The US$ 3.8 billion deal includes the nutrients business and Bunge’s stake in Fosfertil (Fertilizantes Fosfatados S.A.), a supplier of raw materials for fertilizer manufacturing. The transaction has a net value of roughly US$ 3.5 billion and does not involve fertilizer retail or distribution businesses.
Vale will acquire Bunge’s 42.3% stake in Fosfertil, as well as its fully-owned phosphate mines and manufacturing plants in Brazil. Bunge’s annual phosphate rock production capacity and its share of Fosfertil are equivalent to approximately 3 million tons.
Bunge will retain its fertilizer retail business in Brazil and will sign a deal to supply Vale up until 2012, with a one-year extension option. Bunge will also keep its fertilizer operations in Argentina and the United States, as well as its 50% stake in the joint venture with the Office Cherifien des Phosphates (OCP), in Morocco.
“This is an appropriate moment for us to leave fertilizer manufacturing in Brazil. In order to keep growing, we would have to invest significant capital. Given the uncertainties regarding international prices and the local exchange rates, we believe that it will be better to invest in other opportunities,” said Alberto Weisser, Bunge’s CEO, in a press release.
“Besides, large global mining companies are entering the sector and diversifying their mining portfolios.
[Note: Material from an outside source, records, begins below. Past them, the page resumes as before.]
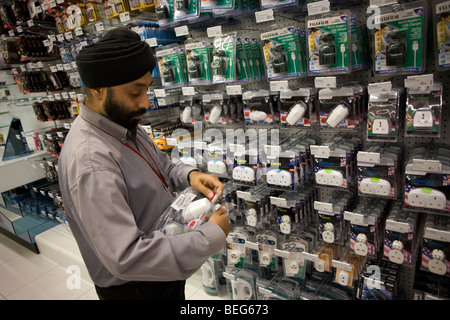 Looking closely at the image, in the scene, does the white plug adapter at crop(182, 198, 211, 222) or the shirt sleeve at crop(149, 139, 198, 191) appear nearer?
the white plug adapter at crop(182, 198, 211, 222)

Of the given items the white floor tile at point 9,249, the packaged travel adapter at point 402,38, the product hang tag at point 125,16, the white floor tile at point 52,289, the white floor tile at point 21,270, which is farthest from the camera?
the white floor tile at point 9,249

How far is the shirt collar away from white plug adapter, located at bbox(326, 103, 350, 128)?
1.13m

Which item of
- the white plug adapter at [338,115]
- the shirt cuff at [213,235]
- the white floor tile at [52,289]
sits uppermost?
the white plug adapter at [338,115]

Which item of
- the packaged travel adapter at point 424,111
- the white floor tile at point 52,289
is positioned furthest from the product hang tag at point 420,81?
the white floor tile at point 52,289

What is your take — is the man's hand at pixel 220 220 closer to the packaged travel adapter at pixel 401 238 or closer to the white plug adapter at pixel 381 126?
the white plug adapter at pixel 381 126

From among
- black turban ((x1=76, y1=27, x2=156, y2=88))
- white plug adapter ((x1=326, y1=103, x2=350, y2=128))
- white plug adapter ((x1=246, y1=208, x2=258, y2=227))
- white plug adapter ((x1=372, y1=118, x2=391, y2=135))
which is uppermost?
black turban ((x1=76, y1=27, x2=156, y2=88))

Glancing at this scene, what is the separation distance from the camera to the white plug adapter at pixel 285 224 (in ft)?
6.92

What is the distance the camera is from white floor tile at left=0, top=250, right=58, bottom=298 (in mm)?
3208

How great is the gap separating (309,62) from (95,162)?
4.25 ft

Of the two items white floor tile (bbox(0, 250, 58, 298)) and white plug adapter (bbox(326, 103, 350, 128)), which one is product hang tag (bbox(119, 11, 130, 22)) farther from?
white floor tile (bbox(0, 250, 58, 298))

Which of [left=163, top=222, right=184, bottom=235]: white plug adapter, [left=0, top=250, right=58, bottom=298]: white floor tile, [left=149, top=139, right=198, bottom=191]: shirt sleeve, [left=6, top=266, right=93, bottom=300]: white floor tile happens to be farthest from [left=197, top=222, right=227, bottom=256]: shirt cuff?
[left=0, top=250, right=58, bottom=298]: white floor tile

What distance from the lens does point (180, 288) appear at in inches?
59.7

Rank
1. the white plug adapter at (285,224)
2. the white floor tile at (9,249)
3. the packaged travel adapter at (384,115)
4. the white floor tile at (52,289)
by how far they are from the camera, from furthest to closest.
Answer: the white floor tile at (9,249) → the white floor tile at (52,289) → the white plug adapter at (285,224) → the packaged travel adapter at (384,115)

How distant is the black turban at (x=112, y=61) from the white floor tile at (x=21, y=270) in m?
3.14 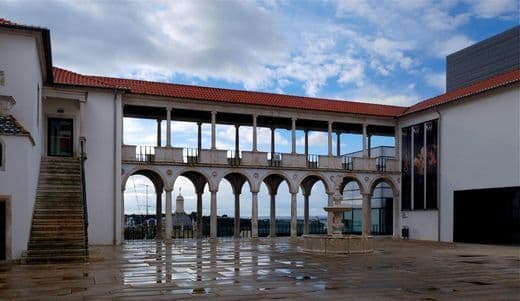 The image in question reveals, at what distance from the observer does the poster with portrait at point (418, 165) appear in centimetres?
3183

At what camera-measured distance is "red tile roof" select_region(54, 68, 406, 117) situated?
1028 inches

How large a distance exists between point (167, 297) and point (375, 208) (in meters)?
35.6

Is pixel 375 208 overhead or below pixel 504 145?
below

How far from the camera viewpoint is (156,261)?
16.4 meters

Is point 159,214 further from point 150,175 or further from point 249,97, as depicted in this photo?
point 249,97

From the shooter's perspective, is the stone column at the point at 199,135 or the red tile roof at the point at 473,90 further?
the stone column at the point at 199,135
We are glad that our business will be transferred to Vale, which shares with Bunge a long-term commitment with Brazil,” added Weisser.
“This operation is of utmost importance to consolidating Vale’s strategy of targeting Brazil as the leading market for its phosphate derivatives production, given the potential of local mines, as well as the expansion of projects developed abroad, such as Bayóvar and, in the future, Evate, all of which will have their output destined mainly to the Brazilian market,” claimed Roger Agnelli, the president of Vale, also in a release.
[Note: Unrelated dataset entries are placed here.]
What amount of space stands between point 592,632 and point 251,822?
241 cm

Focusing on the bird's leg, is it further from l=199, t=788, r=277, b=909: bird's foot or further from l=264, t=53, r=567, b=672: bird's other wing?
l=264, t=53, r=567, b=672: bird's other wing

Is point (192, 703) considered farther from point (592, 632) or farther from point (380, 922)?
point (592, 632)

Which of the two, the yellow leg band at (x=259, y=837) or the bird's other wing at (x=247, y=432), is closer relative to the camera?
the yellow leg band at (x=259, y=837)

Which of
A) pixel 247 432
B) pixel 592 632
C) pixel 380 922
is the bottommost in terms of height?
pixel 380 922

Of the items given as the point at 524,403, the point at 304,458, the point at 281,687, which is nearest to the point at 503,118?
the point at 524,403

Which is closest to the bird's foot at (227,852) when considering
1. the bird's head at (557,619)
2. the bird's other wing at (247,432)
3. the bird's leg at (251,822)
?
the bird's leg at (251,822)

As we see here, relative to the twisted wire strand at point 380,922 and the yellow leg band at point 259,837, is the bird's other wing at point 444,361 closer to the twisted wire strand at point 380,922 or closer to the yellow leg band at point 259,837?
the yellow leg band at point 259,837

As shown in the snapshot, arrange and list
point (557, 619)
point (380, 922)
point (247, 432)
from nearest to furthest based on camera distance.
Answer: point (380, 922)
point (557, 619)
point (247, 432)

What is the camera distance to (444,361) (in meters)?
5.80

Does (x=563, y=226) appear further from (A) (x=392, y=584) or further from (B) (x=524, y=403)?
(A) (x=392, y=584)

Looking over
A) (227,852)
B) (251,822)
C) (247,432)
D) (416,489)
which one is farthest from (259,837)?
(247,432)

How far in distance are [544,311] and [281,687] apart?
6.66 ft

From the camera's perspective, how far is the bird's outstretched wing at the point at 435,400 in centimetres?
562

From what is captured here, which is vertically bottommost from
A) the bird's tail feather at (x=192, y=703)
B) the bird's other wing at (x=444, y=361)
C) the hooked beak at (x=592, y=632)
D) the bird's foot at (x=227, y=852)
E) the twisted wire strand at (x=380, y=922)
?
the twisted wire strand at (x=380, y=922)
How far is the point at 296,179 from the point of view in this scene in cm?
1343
“We are glad because the purchase of these assets, combined with the various potassium projects, which involve high-quality deposits in the main locations worldwide, contributes to Vale’s fast growth strategy, enabling the establishment of a new global leader in the fertilizer industry,” stated Agnelli.
Bunge expects the transaction, which is liable to the usual closing conditions, including government approval concerning mineral concessions, to be concluded in the second quarter of 2010.